The Fasta format is a file where '>' describes the header line, and all following lines composes the sequence belonging to the header. Only the amino acid and gap symbols are accepted in the sequence.

The CLUSTAL format is a file where the data is separated in two or three columns, first column containing the sequence name, second column containing the sequence, and the optional third column containing the position number of the last amino acid.

The PSSM format is a file where the data is stored in a weight matrix. There are a few different formats accepted by Seq2Logo:

General for all PSSM is the optional header line (starting with: 'Last position-specific scoring matrix...'), and the required amino acid header line (this can now contain other character if the PSSM-logo is chosen).
In regards to the weights in the PSSM, only numbers (integers, floats and scientific), are allowed.

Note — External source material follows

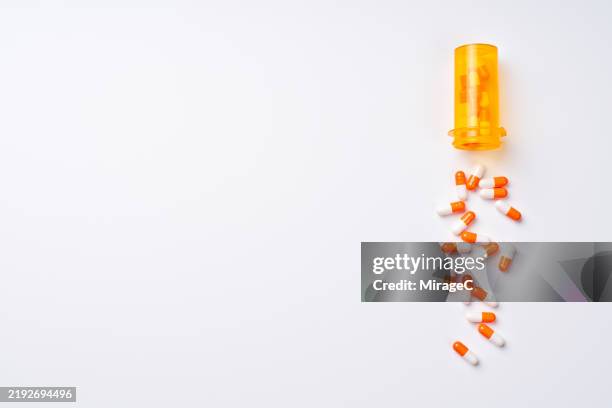 many capsules spilled from a pill bottle - tablettenbehälter stock-fotos und bilder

The Blast Matrix: Special format.

Simple Weight Matrix: This is the simplest of the weight matrices, with only the weights provided. (Note: These weights cannot be integers!)

Weight Matrix w/ position: This is the same as the simple matrix, but with the first column specifying the position (Note: Integers allowed!)

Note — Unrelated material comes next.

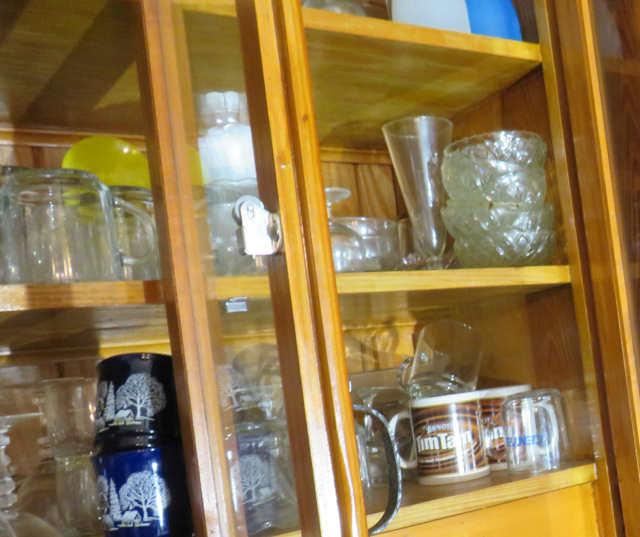 Glassware and dishes in built in dining room cabinet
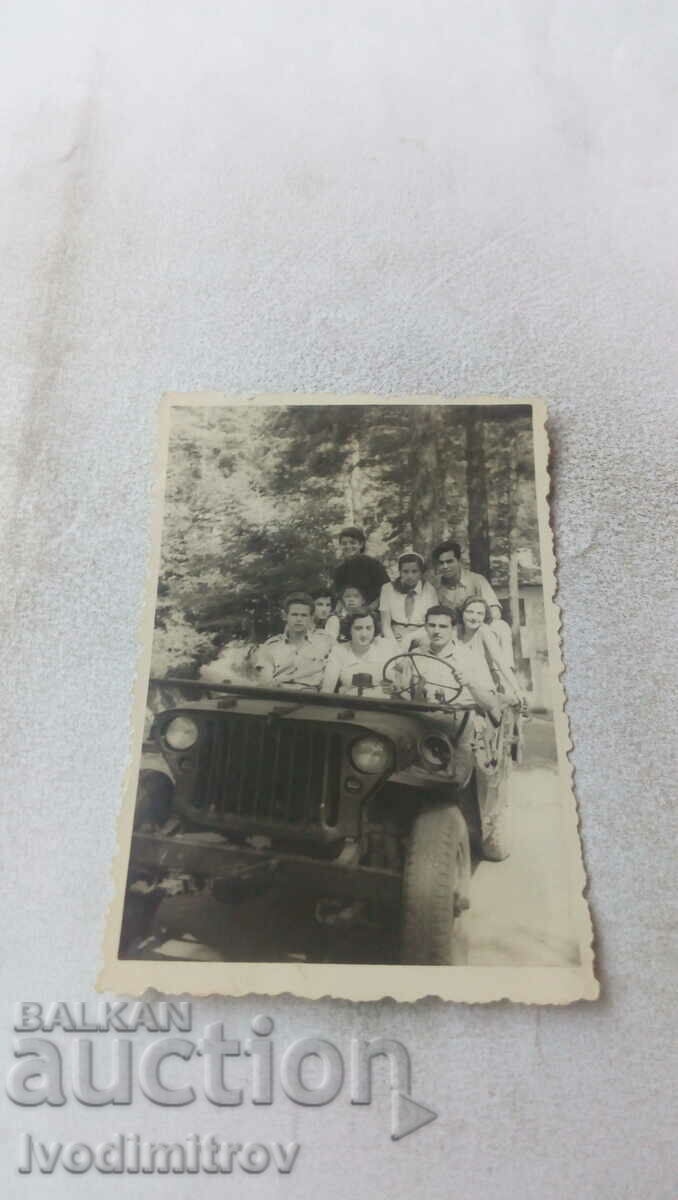 Photo Young men and women with a vintage jeep on a walk in the forest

Weight Matrix w/ position and consensus sequence: This is the same as the position matrix, but with an aditional column specifying the consensussequence (Note: This extra column is not used by Seq2Logo, but only allowed for the convenience.)

Special Weight Matrix: This is a scrapped version of the simple matrix, and it allows the user to specify other than amino acids eg. gaps. (Note: This matrix can only be used with the PSSM-logo option, and there is a limitation of minimum 3 characters and maximum 20 characters!)

The Frequency format is identical to a PSSM-matrix, but where weights/frequencies sums up to 1.00 per position (up to 2% inaccuracy allowed), and where of cause no weight/frequency is negative.



Submission


 

Graphical Layout

In the grafical layout part the user can:

  1. Assign the number of stacks per line.
  2. Assign the number of lines per page.
  3. Set the resolution of the image. For convenience a dropdown menu has been provided with som standard formats to choose from.
  4. Assign a logo title. (This is optional.)
  5. Specify the layout of the graph. **
  6. Choose a coloring scheme from the list, or assign the colors of the individual amino acids manually.
*Feel free to send an email request if you want additional formats added.
**This field allows you to really customize your logo.
Graphical Layout


 

Advanced Settings

In the advanced settings part the user can:

  1. Set the minimum width for stacks with gaps. * **
  2. Set the position number of the first amino acid in the alignment.**
  3. Set the frequency of which the position numbers are shown on the X-axis. ***
  4. Set a segment range, if only a part of the full alignment is wanted. ****
  5. Set the Y-axis range, This option allows the user to manually set the Y-axis maximum and minimum value, which makes it easier to compare several logos with eachother. *****
  6. Upload separate substitution frequency matrix.
  7. Upload separate Background frequency file (distribution of amino acids).
*If set to 1 there is no width adjustment of the stacks to show positions where gaps occur.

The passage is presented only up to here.